So this post by Mouse reminded me recently that I hadn't given a review of how car sharing has gone for us since we went down to just one car around this time last year. Let me give you a preview of how the very idea of car-sharing went for awhile:
When we lived in the city, I was in school, but Mark worked 20-30 minutes outside of the city:
Him: You should get rid of your car and just ride public transport everywhere.
Me: But I run all of our errands during the day and go to class. How can I do that without a car?
Him: You could just ride your bike and take public transit. [self-righteously] You should do that anyway.
Me: Hell no. Get away from my car.
[I feel the need to explain that I've spent more than an hour on a streetcorner in 90degree heat waiting for the bus to come. Baltimore City is not famous for it's reliable public transit.]
Conversations with my family went like this:
My sister: What are you going to do about your POS car? [cue pointed look at my father who thought the mechanical problems with the car were all in my head]
My father: It's a perfectly good car.
Me: Mark thinks we can share a car.
Family: [uproarious laughter] Has he met you? You don't share. Or drive very well. You're going to hit things in his car.
Eventually, his job moved to the city. Our two cars sat unused for most of the day. My car stopped starting reliably, and began to consistently shake and rattle when I drove it at speeds above 50mph. My car also got about 14mpg. Eventually, I returned "my" car to my parents and my dad found a buyer for the car and cleaned it out for me while I stressed over final exams. My friend Erin taught me to drive stick. Mark started letting me drive his car. We signed up for ZipCar when it came to the city. In June, the Charm City Circulator started running from our apartment in Federal Hill to my school.
And so, a year has passed. A year in which we have not yet fought over who gets the car. A year in which we have made compromises, sacrifices, and a general nuisance of ourselves to our neighbors. A year in which I have learned to drive a stick shift, ride my bike in the city, and have done an awful lot of bus-chasing. A year in which my husband has bought fenders and snow tires for his bicycle, and rain pants and ankle cuffs for himself. A year in which I have been living at home with my parents, where I could use their car, and then unemployed, then employed with a walking commute, making the choice not to buy a car much easier.
We make a lot of compromises. A lot of, "you need the car tonight, so I'll climb tomorrow night"; a lot of, "can you come pick me up after class because I took the bus?"; a lot of, "I'll drop you off at X, because I need the car for Y, but you'll have to wait until I'm done for me to pick you up." I try to keep the car generally clean, Mark tries to keep from constantly complaining that my idea of "generally clean" is his idea of "horrifyingly messy". I bring my hockey gear in, but leave my stick in the car. I track the gas mileage by carefully writing the stats on the receipt from the gas station and then reset the trip; Mark doesn't complain that my gas mileage is lousy. I would honestly recommend that every couple share a car, for at least a limited period of time, because it's a lot of valuable lessons in choosing your battles and respecting your partner.

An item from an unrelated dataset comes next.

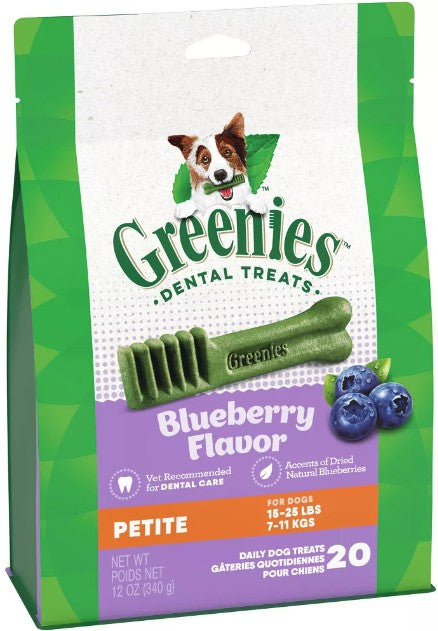 80 count (4 x 20 ct) Greenies Petite Dental Dog Treats Blueberry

We've settled into a system. The biggest piece of this is the general rule that whoever is at home all day has the car. We try to avoid taking the car and leaving the other person stranded at home for more than a few hours at a time. This mostly applies to weekend days; and it takes some work to make it work - sometimes Mark drives me up to a half-an-hour to get me to a friend's house to carpool, sometimes it means a long and unnecessarily difficult trip on public transit, sometimes it means walking or riding a bike instead of driving, even though driving would be much easier.
We carpool a lot. We try to make it work so we aren't freeloaders, but we drive whenever it's convenient for us and get a ride whenever it isn't. My sister bought a house recently, and will no longer live across the street, and so the carpooling will be harder. My running buddy lives on our street as well, and I really hope she never plans to move.

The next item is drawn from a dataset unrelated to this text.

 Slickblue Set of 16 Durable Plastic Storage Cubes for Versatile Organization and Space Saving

Since I was the most resistant to sharing a car, Mark has put a lot more work into making this work. He has been the one to change his plans more than me, and use public transit even when it's decidedly inconvenient. If there is a person who wants to car-share more than the other, they need to be the one making the sacrifice and they need to be the one figuring out how it's going to work. Our car currently needs servicing and has a recall and I've put Mark in charge of figuring out how to get it to the dealership and deal with that, because, "this was your idea." Eventually we came up with a plan that involves me spending two hours at the coffeshop next to the dealership when I'm off work, but we don't have a weekend day to devote to this and I have flexible hours. Mark is a firm believer that we'll still be able to share a car when we have children, I am equally certain that we will not, or if we are, it will not be a stick-shift Corolla.
My always-depressing-and-fluid employment situation shifted again recently, and I'm on the hunt for a new job. I'm applying all over the place, and we've talked about whether this means we will have to get a second car (or a Vespa!) if it's somewhere far away. The plan is to stick with one car for as long as is reasonable, and then make a change if we need to.
Do you share a car? Could you? Do you and your spouse even have a car? What would need to happen for you to be able to?